GALE, too, is undergoing some growing pains. Researchers struggle to write software that recognizes when a speaker switches from formal Arabic to a dialect, says Alan Black, associate research professor at Carnegie Mellon University in Pittsburgh and a GALE project researcher.
Black says the goal — "to be not just accurate but culturally accurate" — is made more difficult by the great variety of spoken dialects and by large structural differences between English and Arabic and Chinese. Chinese nouns, for instance, have no gender. In Arabic, which does not use capital letters, many proper names are also common nouns or descriptive phrases.

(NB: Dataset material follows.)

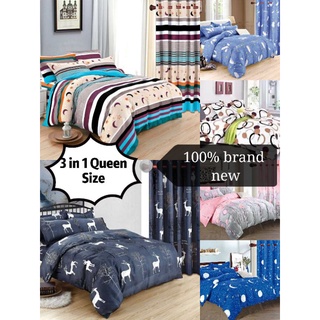 TNC 3 in 1 Bedsheet Set Queen Size (1pc. garterized bed sheet, 2 pcs. pillow case)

"GALE can already get the gist of most television broadcasts," Black says. "But we're really far away from (successfully translating) a telephone call or a natural conversation. And we're nowhere near being able to understand three people in a meeting."
 
Dictionary.com is alright but it's got a lot of problems. You notice it when you try translating between English and another language you already know.
 
Translation is hard in that you also have to translate figures of speech. i.e... something as innocent as "Catching a cold." In Korean it is in fact expressed as "getting hooked by a cold."
In German you'd have "Wie gehen sie?" which would translate directly as "how goes you?"
And those are the easy bits. And consider this. In German your main verb comes at the END of the sentence which means this "live" translator couldn't possibly translate it well until the sentence was finished.
"Ich soll zu die Markt gehen." = "I should to the market go." But what if it was "to run?" "Ich soll zu die Markt laufen." And what if the translator assumed it was "to go" and not to "run"? And mind you this is just English to German which happens to be a very closely related language.
So in other words, you can't really do a "LIVE" without knowing firsthand what the guy's going to say.
Personally I don't know HOW the guys at the UN and stuff do it because they seem to be doing it live. Maybe there's a certain way to talk that will not confuse the translators.
Again, I say the issue is, the key word that needs translation does not appear when it needs to be said in English, which makes a real live translation REAL tricky.
What you COULD have is a center full of dudes who speak the language and basically whenever a unit on patrol is in need of a translator, they call up that unit and have a translator assigned to them until the conversation ends. That's current technology and a lot of tired bilingual people though.